The Defendant subsequently brought an interim application under Part 23, seeking a declaration that the Points of Dispute were compliant with CPR PD 47 paragraph 8.2, and also seeking to strike out those parts of the Replies which asserted non-compliance with Ainsworth. That application was adjourned and came before District Judge Davies on 15 April 2026, with Mr A Hood (solicitor) of Carter Burnett appearing for the Claimant and Mr P Hughes (counsel) instructed by Kennedys Law appearing for the Defendant, both attending remotely by Cloud Video Platform.

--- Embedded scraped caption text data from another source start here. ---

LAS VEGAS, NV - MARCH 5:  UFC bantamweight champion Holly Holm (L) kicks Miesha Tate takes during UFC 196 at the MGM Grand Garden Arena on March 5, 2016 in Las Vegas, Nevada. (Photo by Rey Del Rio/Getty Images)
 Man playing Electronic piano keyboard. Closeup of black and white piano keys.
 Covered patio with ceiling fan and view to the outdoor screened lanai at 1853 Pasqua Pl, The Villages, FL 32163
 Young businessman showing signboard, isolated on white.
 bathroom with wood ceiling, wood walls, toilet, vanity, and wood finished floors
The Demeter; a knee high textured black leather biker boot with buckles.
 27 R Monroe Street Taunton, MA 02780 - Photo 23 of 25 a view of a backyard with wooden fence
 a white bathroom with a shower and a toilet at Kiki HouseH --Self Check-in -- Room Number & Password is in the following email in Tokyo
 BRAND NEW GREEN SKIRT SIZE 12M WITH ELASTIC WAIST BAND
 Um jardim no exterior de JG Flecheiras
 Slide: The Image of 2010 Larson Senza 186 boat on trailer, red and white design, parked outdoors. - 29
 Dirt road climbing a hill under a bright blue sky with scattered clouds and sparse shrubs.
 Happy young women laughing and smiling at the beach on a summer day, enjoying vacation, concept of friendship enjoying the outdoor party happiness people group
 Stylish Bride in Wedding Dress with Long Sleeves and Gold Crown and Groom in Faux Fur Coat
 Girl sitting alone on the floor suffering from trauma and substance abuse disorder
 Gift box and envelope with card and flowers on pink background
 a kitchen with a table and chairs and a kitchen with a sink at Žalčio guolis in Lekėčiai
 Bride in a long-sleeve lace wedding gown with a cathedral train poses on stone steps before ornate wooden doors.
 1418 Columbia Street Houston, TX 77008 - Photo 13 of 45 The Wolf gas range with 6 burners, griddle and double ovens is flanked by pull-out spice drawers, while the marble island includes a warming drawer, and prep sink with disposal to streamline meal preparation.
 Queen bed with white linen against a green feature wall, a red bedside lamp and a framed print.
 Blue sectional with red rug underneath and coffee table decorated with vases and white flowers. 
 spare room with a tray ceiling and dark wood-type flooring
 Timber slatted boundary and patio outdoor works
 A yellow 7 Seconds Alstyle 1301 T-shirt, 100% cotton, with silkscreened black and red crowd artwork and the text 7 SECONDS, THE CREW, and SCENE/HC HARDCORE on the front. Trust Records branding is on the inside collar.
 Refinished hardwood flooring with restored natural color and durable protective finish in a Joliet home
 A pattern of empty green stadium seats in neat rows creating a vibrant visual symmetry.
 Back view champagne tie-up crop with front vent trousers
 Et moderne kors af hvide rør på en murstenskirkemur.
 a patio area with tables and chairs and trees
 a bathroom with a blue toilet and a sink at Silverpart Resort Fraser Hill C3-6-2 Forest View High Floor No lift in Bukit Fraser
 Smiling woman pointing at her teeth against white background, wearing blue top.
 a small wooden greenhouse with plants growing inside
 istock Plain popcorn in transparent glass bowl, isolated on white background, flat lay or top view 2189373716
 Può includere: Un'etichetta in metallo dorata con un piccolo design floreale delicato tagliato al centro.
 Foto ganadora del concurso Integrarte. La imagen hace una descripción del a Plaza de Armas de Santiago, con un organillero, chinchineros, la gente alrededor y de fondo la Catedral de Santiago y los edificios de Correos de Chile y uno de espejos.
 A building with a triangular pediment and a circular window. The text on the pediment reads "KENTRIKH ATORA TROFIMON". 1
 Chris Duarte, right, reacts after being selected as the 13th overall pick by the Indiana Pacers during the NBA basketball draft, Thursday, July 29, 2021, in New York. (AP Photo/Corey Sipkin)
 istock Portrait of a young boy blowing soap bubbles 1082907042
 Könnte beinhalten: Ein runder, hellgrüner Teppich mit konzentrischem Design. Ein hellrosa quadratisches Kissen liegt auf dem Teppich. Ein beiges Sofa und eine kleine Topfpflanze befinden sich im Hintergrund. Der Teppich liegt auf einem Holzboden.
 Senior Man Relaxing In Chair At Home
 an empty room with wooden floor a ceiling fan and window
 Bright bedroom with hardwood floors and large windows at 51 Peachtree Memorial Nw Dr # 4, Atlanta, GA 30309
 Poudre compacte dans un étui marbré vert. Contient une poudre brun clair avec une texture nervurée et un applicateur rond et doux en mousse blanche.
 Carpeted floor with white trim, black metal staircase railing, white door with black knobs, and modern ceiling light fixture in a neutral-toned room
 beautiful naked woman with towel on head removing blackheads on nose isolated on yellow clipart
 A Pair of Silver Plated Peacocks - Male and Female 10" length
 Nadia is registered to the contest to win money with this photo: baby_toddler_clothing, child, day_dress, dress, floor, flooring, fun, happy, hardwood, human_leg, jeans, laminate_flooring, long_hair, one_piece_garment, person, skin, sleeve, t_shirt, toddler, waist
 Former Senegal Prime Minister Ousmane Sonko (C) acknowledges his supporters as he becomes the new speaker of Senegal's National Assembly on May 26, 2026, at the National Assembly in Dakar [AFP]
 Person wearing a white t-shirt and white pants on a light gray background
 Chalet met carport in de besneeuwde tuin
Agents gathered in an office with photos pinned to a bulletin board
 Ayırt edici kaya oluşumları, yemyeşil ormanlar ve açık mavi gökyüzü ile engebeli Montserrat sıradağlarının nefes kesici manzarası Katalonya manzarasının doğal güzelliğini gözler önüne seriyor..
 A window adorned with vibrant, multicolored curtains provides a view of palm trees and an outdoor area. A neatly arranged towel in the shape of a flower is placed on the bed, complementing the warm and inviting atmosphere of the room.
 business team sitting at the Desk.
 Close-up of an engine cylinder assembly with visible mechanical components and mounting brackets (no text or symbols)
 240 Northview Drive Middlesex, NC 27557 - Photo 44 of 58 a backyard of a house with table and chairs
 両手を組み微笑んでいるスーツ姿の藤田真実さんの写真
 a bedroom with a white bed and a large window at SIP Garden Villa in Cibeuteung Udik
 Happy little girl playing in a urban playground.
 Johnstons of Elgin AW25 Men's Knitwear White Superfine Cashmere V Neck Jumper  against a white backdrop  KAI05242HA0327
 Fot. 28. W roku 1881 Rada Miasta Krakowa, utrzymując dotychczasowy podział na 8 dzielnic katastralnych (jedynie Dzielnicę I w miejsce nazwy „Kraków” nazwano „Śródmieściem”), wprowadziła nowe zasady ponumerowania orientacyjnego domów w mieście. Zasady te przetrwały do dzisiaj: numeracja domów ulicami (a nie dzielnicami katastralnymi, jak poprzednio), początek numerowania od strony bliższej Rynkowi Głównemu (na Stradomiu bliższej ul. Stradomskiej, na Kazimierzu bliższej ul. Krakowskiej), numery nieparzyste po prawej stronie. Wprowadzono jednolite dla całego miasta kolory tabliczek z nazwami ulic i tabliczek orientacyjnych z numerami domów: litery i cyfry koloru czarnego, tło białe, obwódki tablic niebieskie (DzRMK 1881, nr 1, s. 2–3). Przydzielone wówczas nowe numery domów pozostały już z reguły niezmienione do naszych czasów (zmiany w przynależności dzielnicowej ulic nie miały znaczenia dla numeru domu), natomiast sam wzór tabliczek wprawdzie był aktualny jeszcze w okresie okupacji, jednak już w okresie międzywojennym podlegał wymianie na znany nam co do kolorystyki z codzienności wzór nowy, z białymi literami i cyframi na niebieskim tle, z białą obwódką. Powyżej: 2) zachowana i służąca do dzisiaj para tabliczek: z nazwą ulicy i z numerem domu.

By the time of the hearing, the factual and procedural landscape had narrowed. The Claimant conceded the admissibility of the Excel spreadsheet for the purposes identified in Ainsworth, with the result that the majority of the Replies on the spreadsheet issue fell away, save for the Replies to Points 7, 15 and 20. The Claimant indicated that Amended Points of Reply would be filed and served to reflect that concession.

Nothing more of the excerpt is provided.